Hopkins did not want hear how actually many feel he is -- gasp -- “the favorite” against Russian expatriate Sergey Kovalev on HBO’s Championship Boxing on Nov. 8 at Boardwalk Hall in Atlantic City, N.J. However, there is some level of truth in it. The undefeated Kovalev (25-0-1, 23 KOs) has never faced anyone of Hopkins’ level before; and though “The Krusher” is 13-0-1, with 13 knockouts in his past 14 fights, he has never gone beyond eight rounds.

Hopkins (55-6-2, 32 KOs) has gone beyond eight rounds 35 times in his magnificent 65-fight career; he has stopped two first-ballot hall of famers, Oscar De La Hoya and Felix Trinidad; and he has not lost in more than two years. However, “The Alien” finds himself in a new role as a fan-favorite who has grown on the boxing public -- and the media -- to hold an avuncular station within boxing.

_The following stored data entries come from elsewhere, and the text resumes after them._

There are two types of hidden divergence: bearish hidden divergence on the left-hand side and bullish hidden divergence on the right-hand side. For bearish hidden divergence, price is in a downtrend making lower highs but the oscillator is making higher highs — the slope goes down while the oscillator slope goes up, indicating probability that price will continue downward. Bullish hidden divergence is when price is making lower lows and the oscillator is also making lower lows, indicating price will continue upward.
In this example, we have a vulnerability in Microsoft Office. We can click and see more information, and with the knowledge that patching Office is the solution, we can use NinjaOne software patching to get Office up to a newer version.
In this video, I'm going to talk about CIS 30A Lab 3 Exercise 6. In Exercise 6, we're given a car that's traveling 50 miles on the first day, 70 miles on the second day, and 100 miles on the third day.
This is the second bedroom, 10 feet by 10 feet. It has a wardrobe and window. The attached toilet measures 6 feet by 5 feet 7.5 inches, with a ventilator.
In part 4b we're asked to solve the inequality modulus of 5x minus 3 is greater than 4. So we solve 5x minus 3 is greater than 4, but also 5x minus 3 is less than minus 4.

“Sergey is 18 years younger, if my math is right. He’s a devastating puncher, to the point where he killed somebody (Roman Simakov on Dec. 5, 2010) -- and sometimes in the ring that happens -- so all of the things that you hear about this guy is true,” Hopkins told “I want people to recognize what they wrote and understand all that was put together I’ll take apart. I don’t live in the past; I like to look at the future. I know there are some people out there thinking, ‘We’ve been down this road before with the old man.’ I’m the oldest young man in the world right now.

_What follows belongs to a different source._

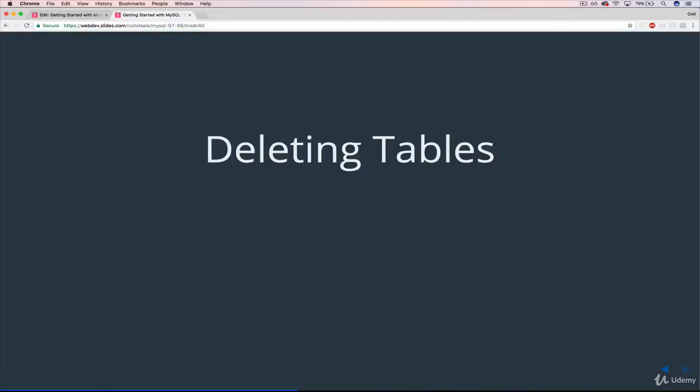Okay, so the last little bit of syntax we'll learn in this section has to do with deleting tables. We've seen how to create tables, how to describe or show their columns. We haven't seen how to put anything in those tables yet—that's coming up next in the next section. But the last thing we'll do is see how we delete them.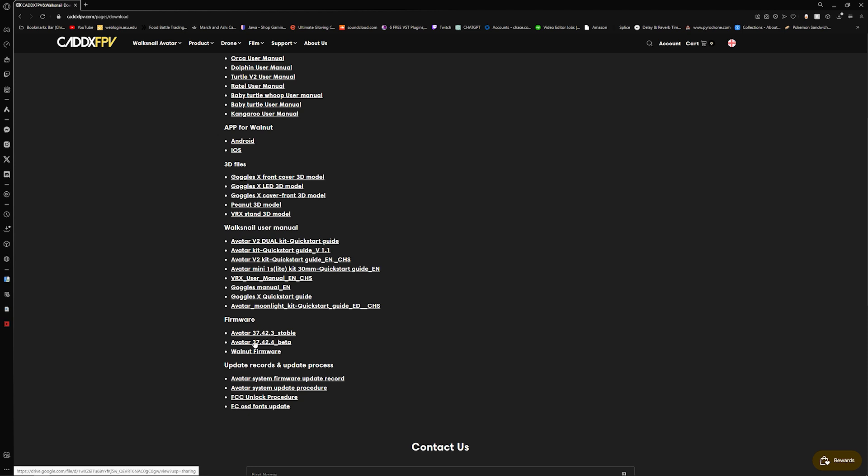The one you are looking for is the Avatar 37.42.3 Stable. There is a beta that you can test out. I would recommend going with the stable one unless you want to test out the beta. That is all for testing to make sure there's any bugs that you can report to Caddx to let them know what's wrong with that firmware.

“I’ve heard ‘old man, old man’ all through the interviews,” he added. “I’m a young old man in a young man’s sport. I’m doing this because I’m in a position to do it, but this is another segment in my career now. I’m riding a wave knowing I put the time into this game, and no one should be surprised anymore by Bernard Hopkins.”

There are no surprises left. Like a cat with nine lives, Hopkins has become a fighter with nine incarnations, and his most recent is still pretty damn good. That defiance is still there, too.

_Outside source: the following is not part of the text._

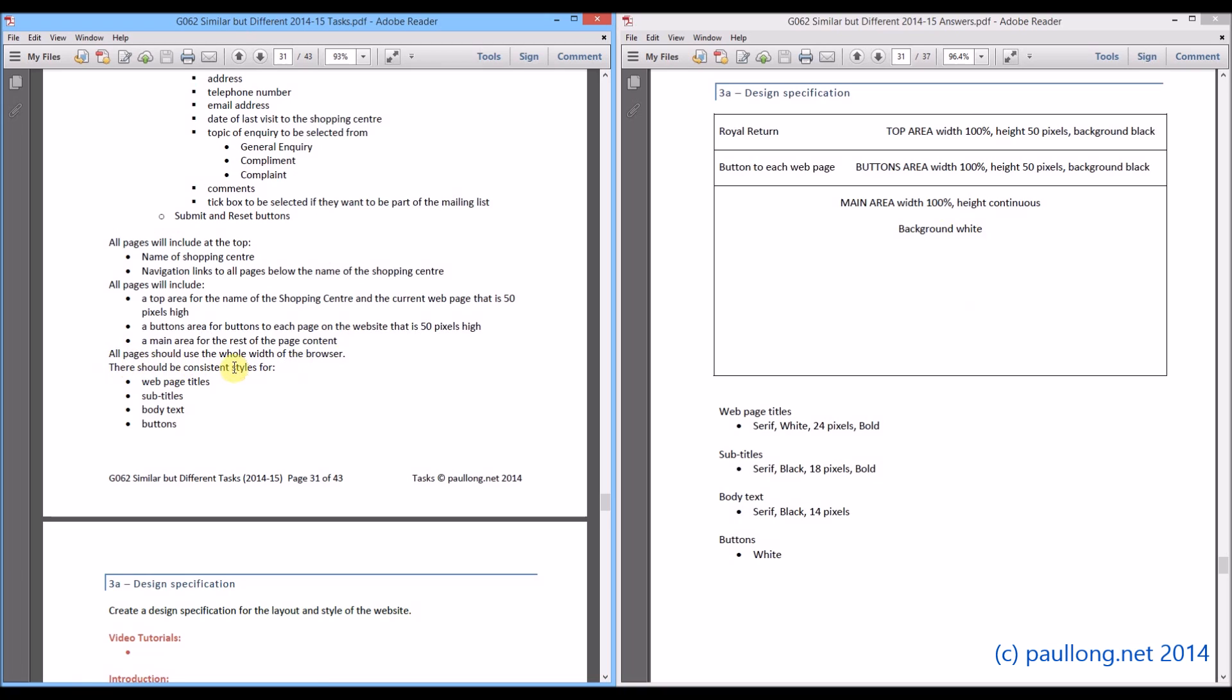Then it says we need to have consistent styles. So we have got web page titles, subtitles, body text and buttons. So our web page titles are what go up here. Titles will be in our content area along with the main body text. And then we will need styles for the buttons as well.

“Is anyone Sergey fought, are they at my level? We know the answer to that,” Hopkins said. “Has anyone Sergey fought had the experience of the guys that I fought over the years? The only name he has on his resume is [Nathan] Cleverly. I would put my record against his record any day, but look at his age and the fact that he’s dangerous. I have 10 weapons going up against one bomb. This guy is a dangerous puncher. That one bomb can be explosive. That’s the challenge. Don’t be fooled; it’s a dangerous fight. It won’t be easy. I may make it look like it is easy, but it won’t.”

Hopkins claims that he does not look at stories online or in the newspapers, that he does not like paying too much attention to the positive talk -- which has long been overdue in his case. He has been unappreciated through the early and middle portions of his career but is now riding a crest of acceptance, due largely to his longevity and success, that he has never experienced before.

Hopkins fights it. He does not want to grow too complacent hearing the praise. He would rather point his ear in the direction of the naysayers.

“I haven’t read anything or heard from anyone that says Bernard Hopkins is the favorite,” Hopkins said. “I’m comfortable not being the favorite. I know what the truth is. If I was the favorite, I would tell myself that it’s a trick, [that] it’s not true. I wouldn’t dispute anyone who thinks I’ll win, but I have to stay on my game. I’m comfortable being the 4-to-1 underdog (he opened as a 2-to-1 underdog when the fight was announced in August). I want to continue being the guy who has to beat the odds. It’s been the story of my life. I’d rather be respected than praised. Just don’t call me the favorite in this -- even though I’ll win.”